The implications from Lane's cautionary tale are as illuminating as they are refreshing, not to mention, reason for hope. More on that later. Now on to Vanden Heuvel. Her column speaks to the "moral crisis" in America as being cut out of whole cloth by the Republican Party. Here she makes it stark:
The real crisis of public morality in the United States doesn’t lie in the private decisions Americans make in their lives or their bedrooms; it lies at the heart of an ideology — and a set of policies — that the right-wing has used to batter and browbeat their fellow Americans.
They dress these policies up sometimes, give them catchy titles like Rep. Paul Ryan’s “Path to Prosperity.” But they never cease to imbue them with the kind of moral decisions that ought to make anyone furious. Ryan’s latest budget really is case in point. It’s a plan that says that increases in defense spending are so essential, that massive tax cuts for the wealthy are so necessary, that we must pay for them by ripping a hole in the social safety net. The poor need Medicaid to pay for medicine and treatment for their families? We care, we really do, but the wealthy need tax cuts more. Food stamps the only thing standing between your children and starvation? Listen, we feel your pain. We get it. But we’ve got more important things to spend money on. Like a new yacht for that guy who only has one yacht.
There, she put it in a nutshell -- an apt metaphor. The Republican Party is not about freedom, they're about how ideological purity comes at the expense of freedom, that freeing the individual from regulation and taxation comes at the expense of the least of us, the ones who would benefit from community and what community action can bring to the citizens of that community.
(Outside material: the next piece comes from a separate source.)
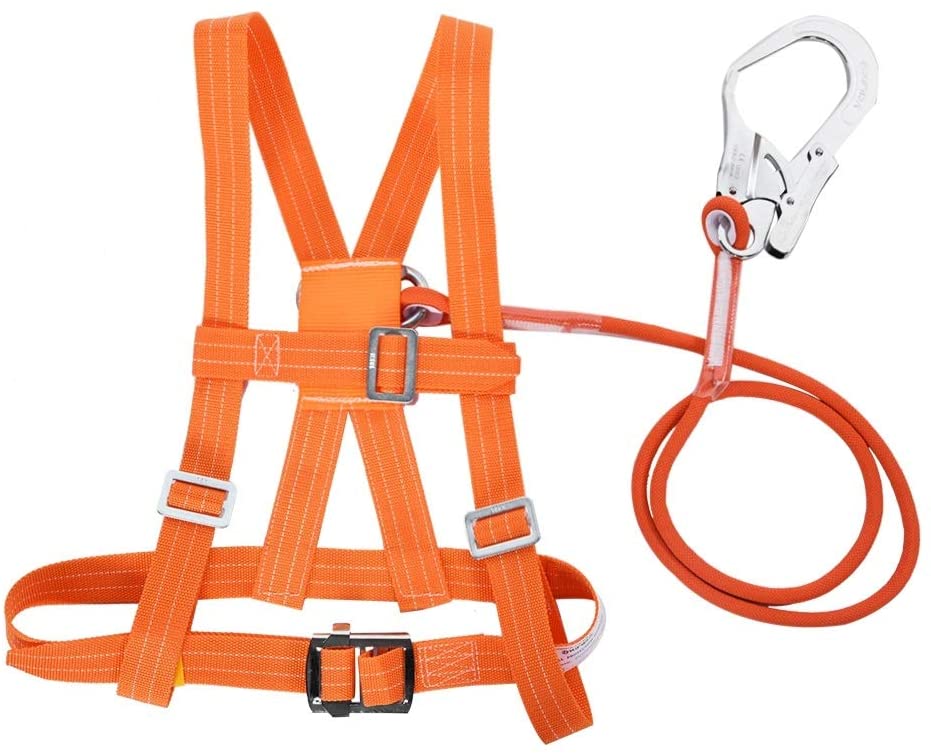 Jadeshay Climbing Harness Outdoor Adjustable Safe Belts for Mountaineering Tree Climbing Outdoor Training Caving Rock Climbing Rappelling Equip Aerial Work Large Buckle 3m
Freedom's just another word...
By the way, the number of citizens thrust into that growing cohort known as "the least of us" is alarming, making it all the more inconceivable that the Republicans would push now for changes in tax law and budget priorities that would increase poverty and weaken the safety net originally provided to alleviate it. But that's exactly what the Republicans are doing.
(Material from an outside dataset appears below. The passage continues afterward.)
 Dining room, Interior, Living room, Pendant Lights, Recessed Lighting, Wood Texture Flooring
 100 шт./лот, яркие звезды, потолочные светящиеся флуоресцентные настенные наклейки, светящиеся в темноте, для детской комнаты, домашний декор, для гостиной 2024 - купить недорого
From Lane's thesis -- be careful what you wish for -- and Vanden Heuvel's declaration -- that the current moral crisis stems from Republican ideology becoming a moralistic feeding frenzy -- we can derive a hopeful scenario: The Republicans are hellbent on self-destruction in an election year that seemed to be one of the largest openings for Republican gains in a decade but now seems one of the biggest opportunities for Democrats to define themselves as the party of all the citizens -- the disinclination of the 1% notwithstanding.
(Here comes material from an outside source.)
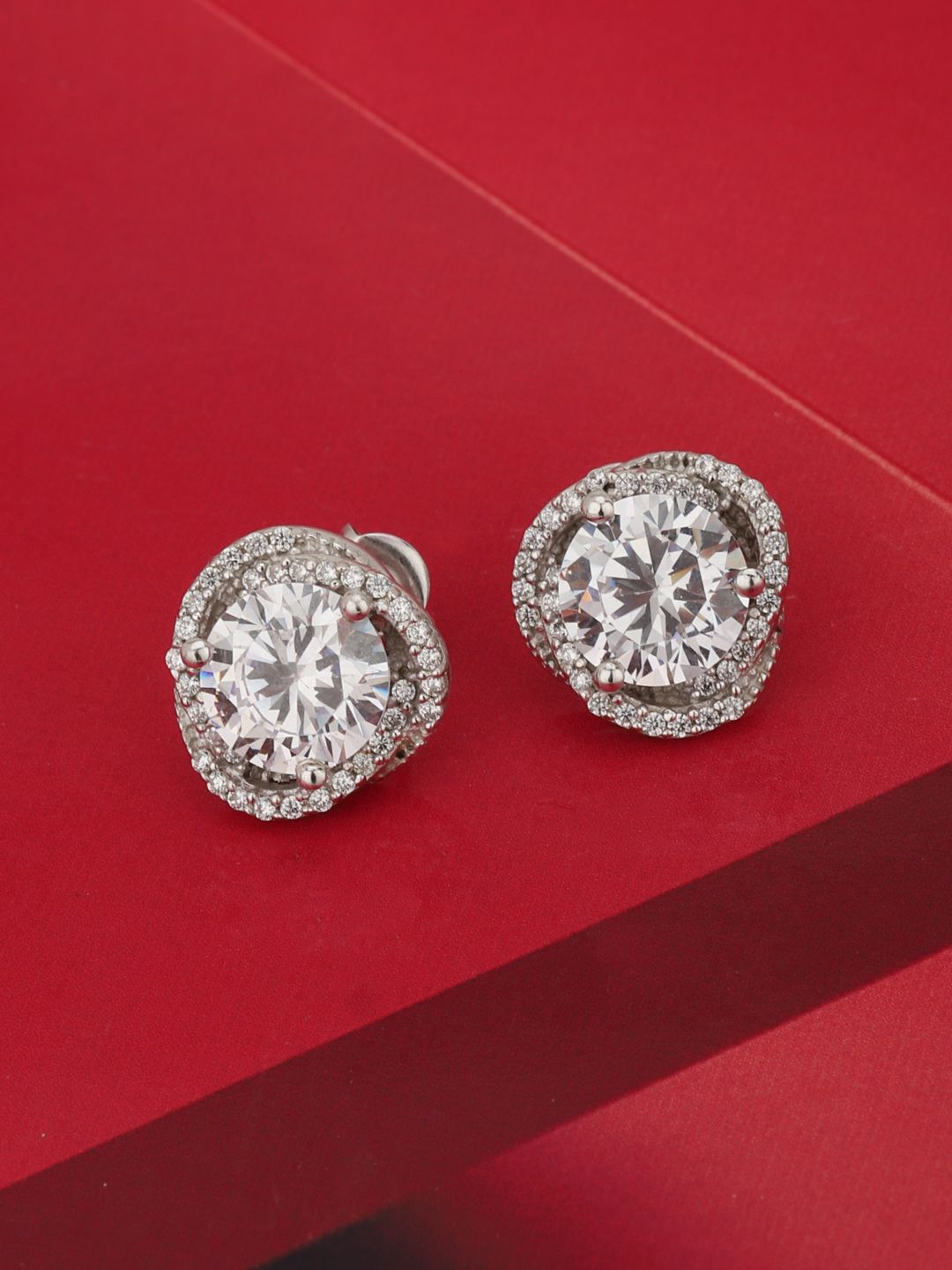 Carlton London Silver-Toned Rhodium-Plated CZ Studs Price in India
Republicans, driven evermore to the right by tea-party types, the Koch brothers, the NRA, Rick Santorum's haughty rhetoric, and Rush Limbaugh's naughty rhetoric will, it's now likely, so fabulously overreach that they'll achieve what they wish for: an ideological purity that attracts the well-established 28% of America I like to refer to as George W. Bush's dead-enders, you know, those frightening people that considered Bush an exemplary president.

Who doesn't this thin coalition attract? Just about everybody else. Their only cause for hope is that Democrats might fail -- as they often do -- at their messaging and that what's left of the Reagan Democrats and the blue-collar Republicans still fall for the line that individualism should trump community even if it reduces many pocketbooks in America to a frighteningly barren place. It may be empty, but it's my pocketbook!

You might not have liked it, but small ball was all I could play.
I'm with those who believe Democratic principles are hollow structures compared to their grander architecture under FDR, Truman, JFK, and Johnson, and though a supporter of Bill Clinton, I do hold him responsible for contributing to the hollowing-out process. But even Clinton drew the line when it came to decimating the middle class to increase the prerogatives of the wealthy. He may have even crafted the best state he could under the circumstances.

But the catastrophe awaiting the U.S. if the Republican dream survives its spiral into purity is too horrible to contemplate. So let's pull together, Democrats, stay on message, and craft that message positively to take advantage of the stumble the Republicans are currently taking. Let's give them their "be careful what you wish for" moment in 2012.